Jeff Jonas gave a great keynote this morning. (Here's a paper from IEEE Security and Privacy that explains some of this.) This afternoon he's adding context. Literally. Contexts allow seemingly unrelated records to become related. The idea is that two records get created in two different data stores, because of some common event, but the common event is unobservable to the organization and the perceptions around that event are not connected.

When the organization queries these data sources to make a decision, the fact that these records are related might not be known. He calls this enterprise amnesia. The answer is a database that creates persistent context that relates these records. The query is done against the persistent context. The context is like the card catalog in a library, serving as an index to records.

Query might be any number of things. If you do not process every new piece of data (perceptions) first like a query, then you will not know if it matters...until someone asks. Jeff treats query as data. When a query is made against the context, and gets no response, it's stored as a database. Later if data shows up that matches the query, you get a match. Treating queries like data makes it so you don't have to ask every question every day.

  • Queries find data
  • Data finds queries
  • Data finds data
  • Queries find queries

The latter one gets users with like interests together with one another.
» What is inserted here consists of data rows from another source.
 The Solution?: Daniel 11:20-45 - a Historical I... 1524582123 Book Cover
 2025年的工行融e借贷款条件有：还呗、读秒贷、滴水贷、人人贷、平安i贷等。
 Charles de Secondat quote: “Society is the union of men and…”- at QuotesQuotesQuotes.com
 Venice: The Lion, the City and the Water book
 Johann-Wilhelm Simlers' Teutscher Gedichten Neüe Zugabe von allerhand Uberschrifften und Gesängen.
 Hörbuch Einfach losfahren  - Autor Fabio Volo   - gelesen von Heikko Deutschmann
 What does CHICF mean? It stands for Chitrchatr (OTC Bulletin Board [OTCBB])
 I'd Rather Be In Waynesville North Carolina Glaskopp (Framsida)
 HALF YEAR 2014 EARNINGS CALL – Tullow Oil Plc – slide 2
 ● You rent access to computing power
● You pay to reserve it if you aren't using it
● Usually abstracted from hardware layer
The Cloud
In the grand scheme of things, the context allows you to reconstruct the non-observable. More perceptions lead to reduced ambiguity. The time when you're ingesting data is the best time to make discoveries. Jeff calls this perpetual analytics.
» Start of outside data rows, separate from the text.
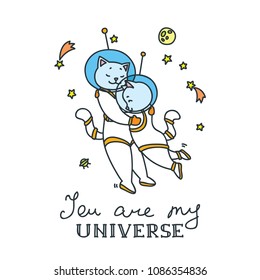 You are my Universe. Doodle vector illustration of cute cat astronauts in space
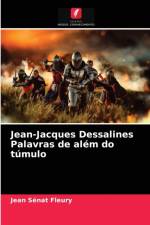 Jean-Jacques Dessalines Palavras de alem do tumulo af Jean Senat Fleury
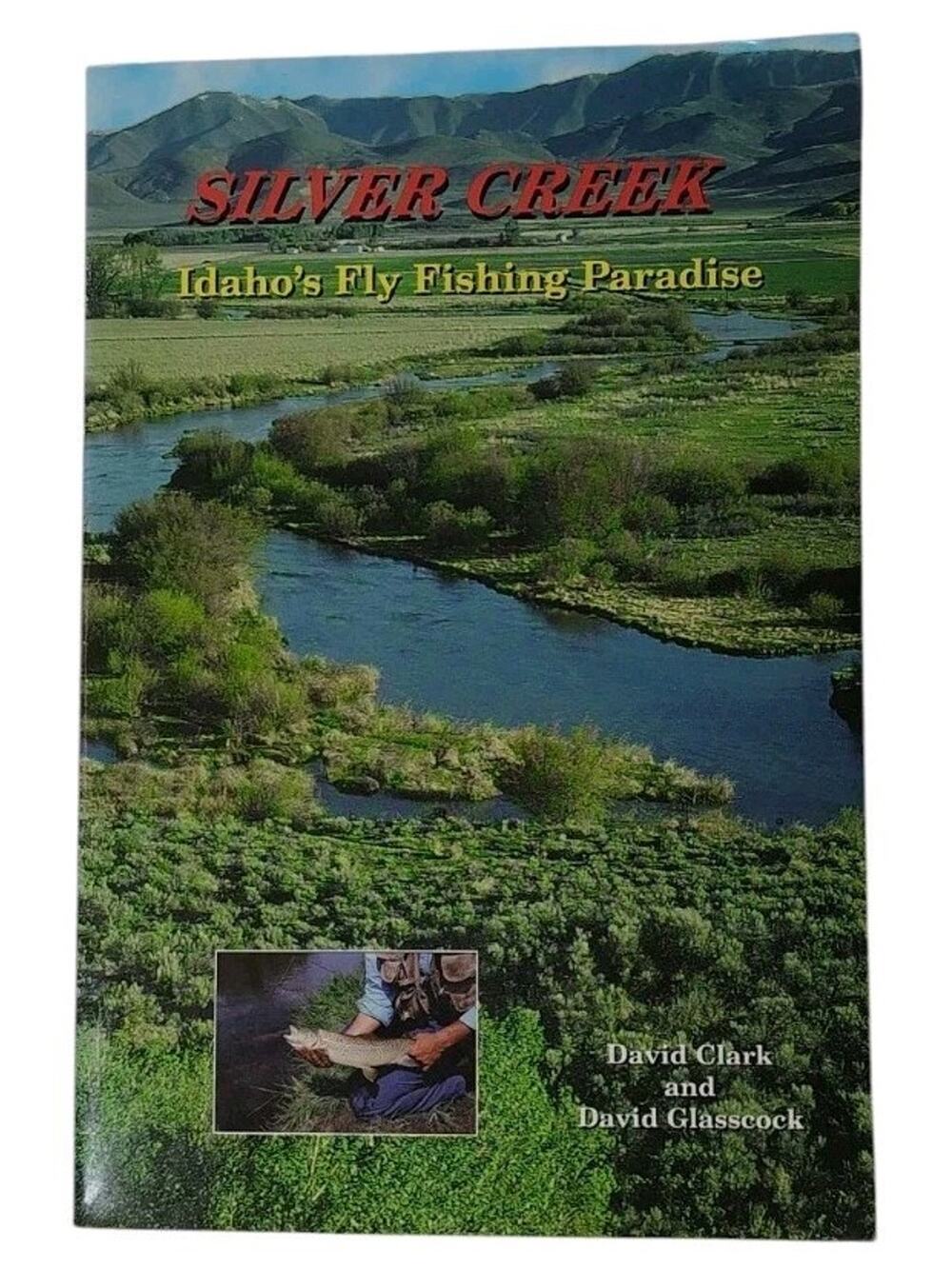 Silver Creek Idaho's Fly Fishing Paradise Book Guide Streams History Geology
Jeff's analytics engine takes queries and data in through the same pipe. No joins, to triggers, no stored procedures. When you discover something new, you fix all the related records. He tells the story of a con man who had six different identities with no overlap. One day the con man introduced a PO Box to the system that allowed all six identities to be tie together.

Context is "persistent" in the sense that it's not created on the fly with the query on federated data sources. Sequence neutrality is crucial since perceptions may come in different order.
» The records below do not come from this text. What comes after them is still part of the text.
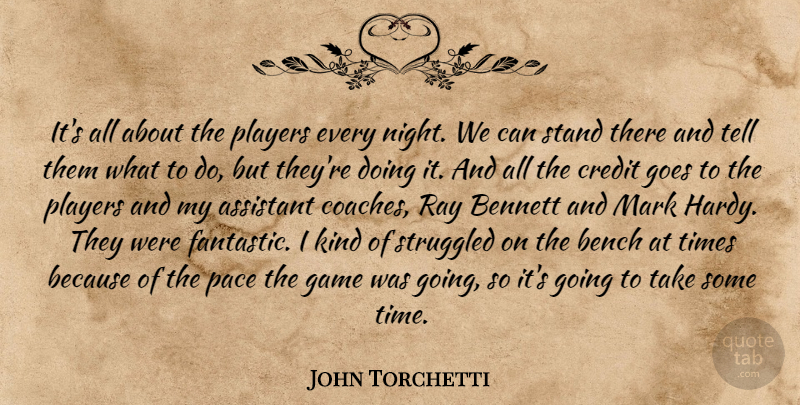 John Torchetti Quote About Assistant, Bench, Bennett, Credit, Game: Its All About The Players...
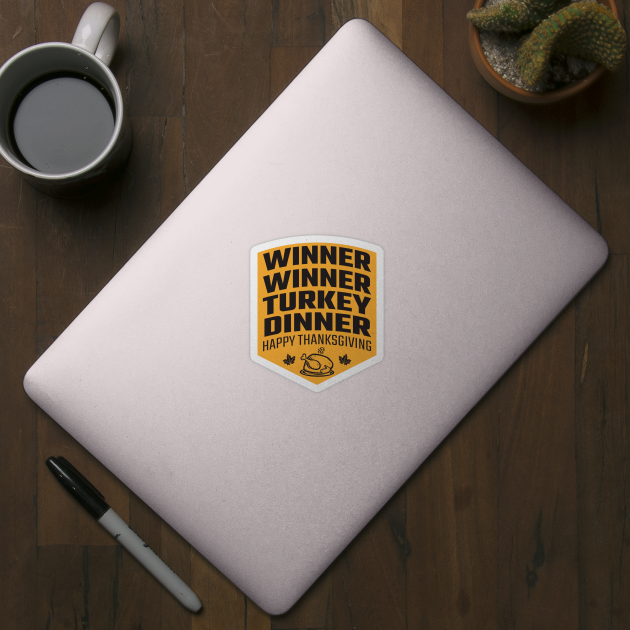 Winner Winner Turkey Dinner by MZeeDesigns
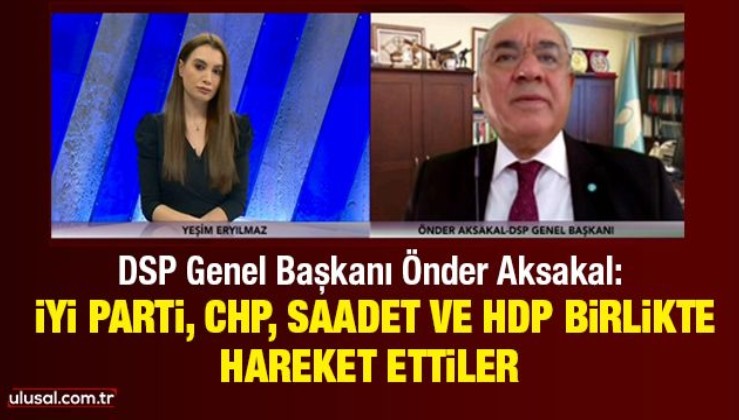 DSP Genel Başkanı Önder Aksakal: İyi Parti, CHP, Saadet ve HDP birlikte hareket ettiler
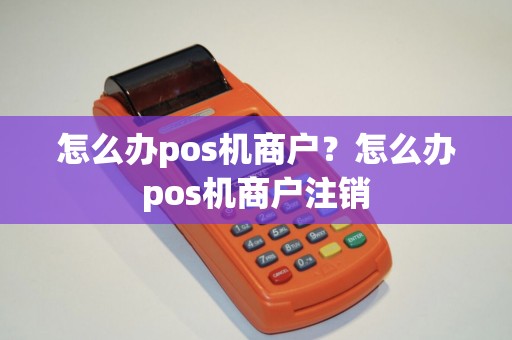 怎么办pos机商户？怎么办pos机商户注销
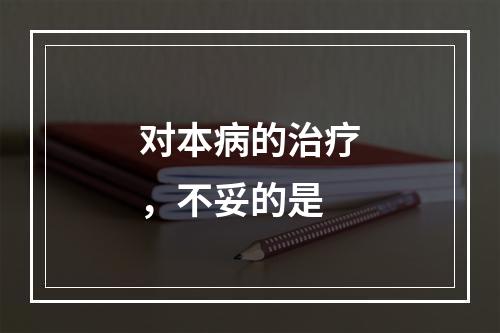 对本病的治疗，不妥的是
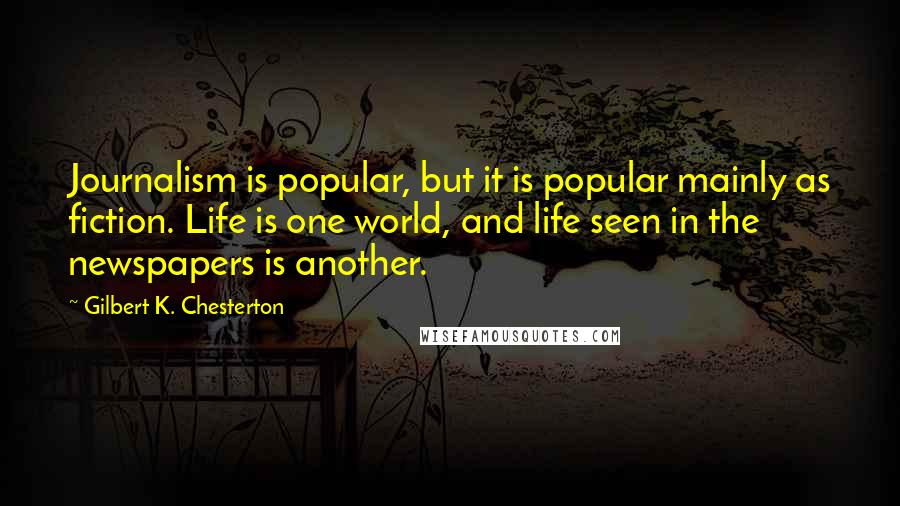 Gilbert K. Chesterton Quotes: Journalism is popular, but it is popular mainly as fiction. Life is one world, and life seen in the newspapers is another.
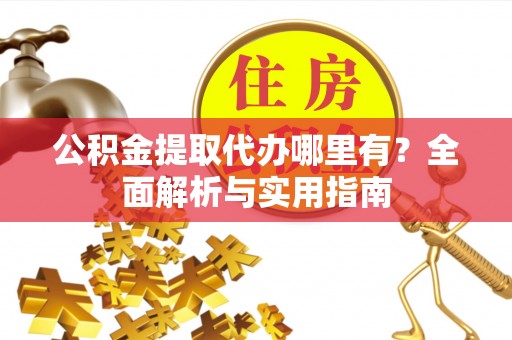 广丰公积金提取代办哪里有？全面解析与实用指南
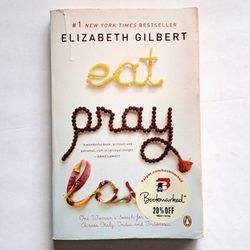 Eat, Pray, Love - Elizabeth Gilbert (Paperback, 2007)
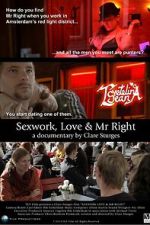 Watch Sexwork, Love & Mr Right 123MoviesFree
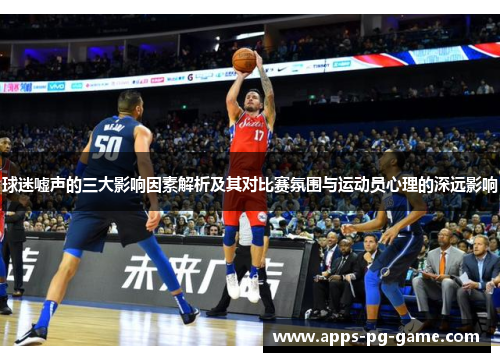 球迷嘘声的三大影响因素解析及其对比赛氛围与运动员心理的深远影响 球迷嘘声的三大影响因素解析及其对比赛氛围与运动员心理的深远影响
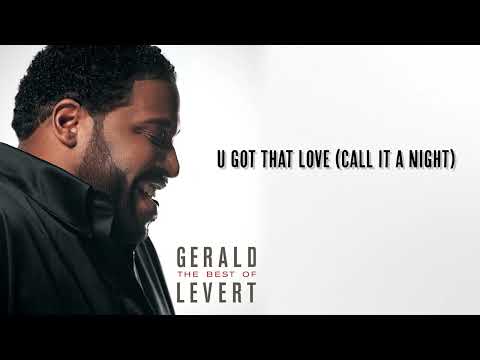 Gerald Levert - U Got That Love (Call It a Night)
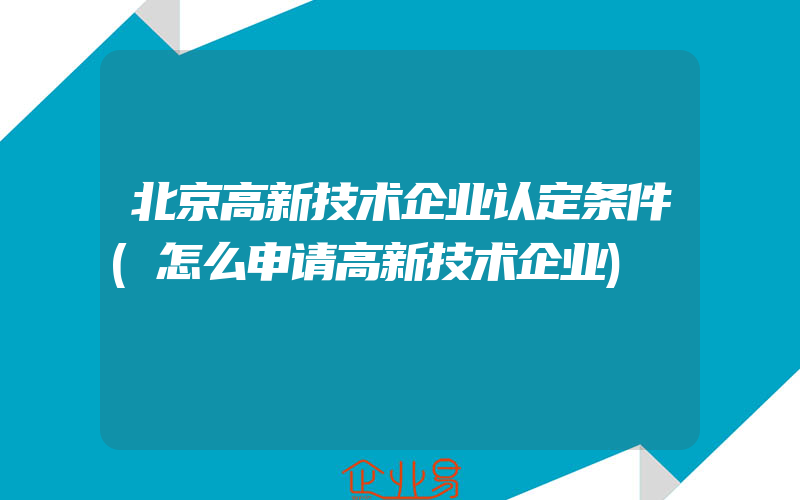 北京高新技术企业认定条件(怎么申请高新技术企业)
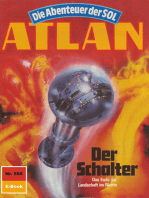 Atlan 566: Der Schalter: Atlan-Zyklus "Die Abenteuer der SOL"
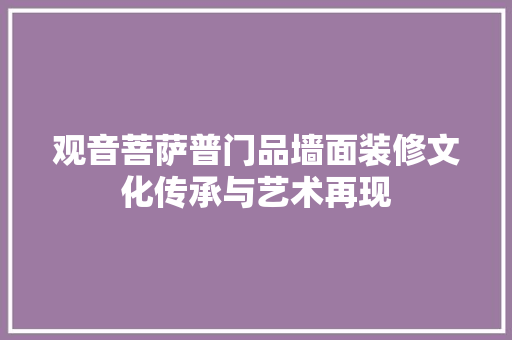 观音菩萨普门品墙面装修文化传承与艺术再现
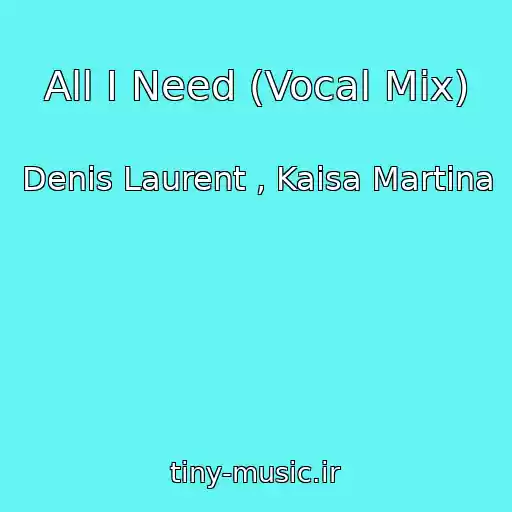 کاور آهنگ All I Need (Vocal Mix) از Denis Laurent , Kaisa Martina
The technology Jeff developed (called NORA) is for sharing context within an organization. What if you want to share data with others. For example, the government doesn't want to share it's data with the cruise line, and the cruise line doesn't want to share customer information with the government. Can you encrypt to the data and analyze it in the encrypted form? Jeff calls this ANNA.

The anonymizer doesn't just hash the data, it first processes it to create rooted forms. For example, Bob, Bobbie, and Rob are all rooted to Robert. This allows the encrypted form to be analyzed and queried for matches. Then the context points back to specific records and you can then have a narrow conversation about specific records rather than grabbing entire data sets.